=== Section Start ===

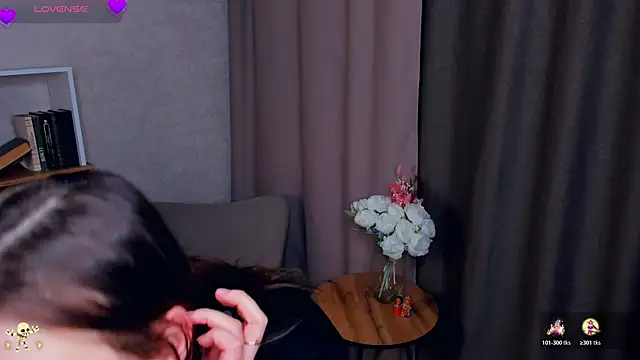 Snapshot of JosieNadile chatting on November 11, 2025, 12:38 pm JosieNadile online show from November 11, 2025, 12:38 pm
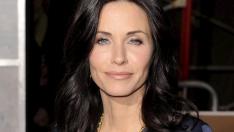 Моника се завръща: Кортни Кокс с бретон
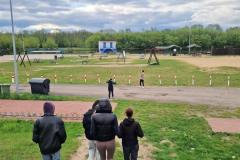 Młodzież podczas spaceru na miejską plażę w Ostrołęce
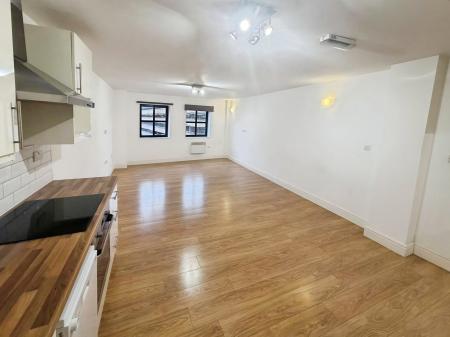 1 bedroom Studio flat to let in Westgate, Peterborough, PE1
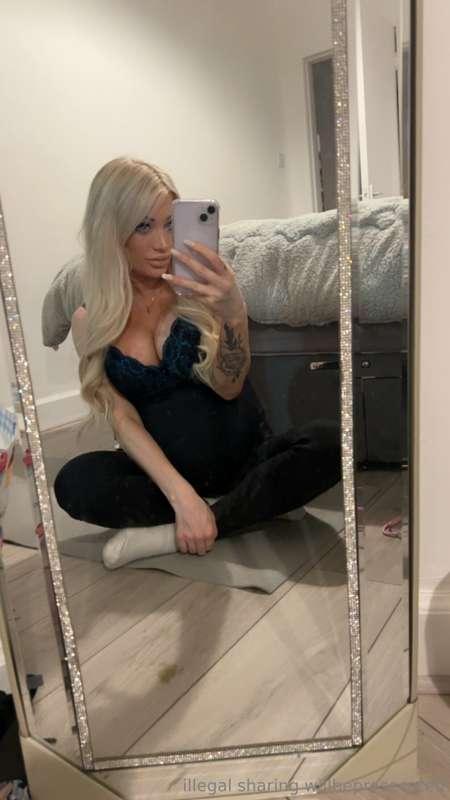 Going live soon, you better be there 🥺 xx
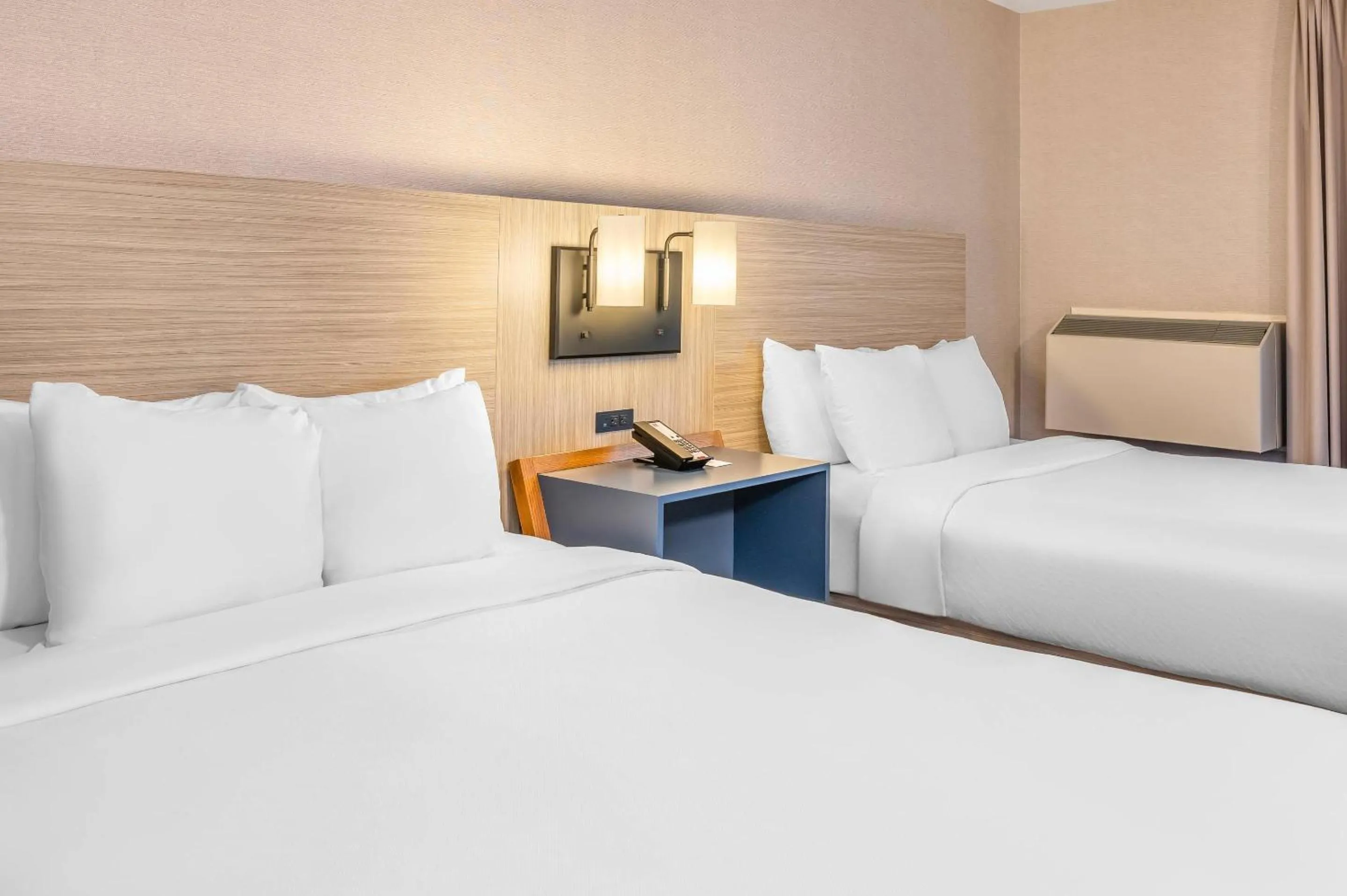 Bedroom, Bed in Comfort Inn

=== Section End ===

= WHAT THE EXERCISE ASKS =
Give the listing above again exactly, minus any images.

= COMPLETED TASK =
 Snapshot of JosieNadile chatting on November 11, 2025, 12:38 pm JosieNadile online show from November 11, 2025, 12:38 pm
 Моника се завръща: Кортни Кокс с бретон
 Młodzież podczas spaceru na miejską plażę w Ostrołęce
 1 bedroom Studio flat to let in Westgate, Peterborough, PE1
 Going live soon, you better be there 🥺 xx
 Bedroom, Bed in Comfort Inn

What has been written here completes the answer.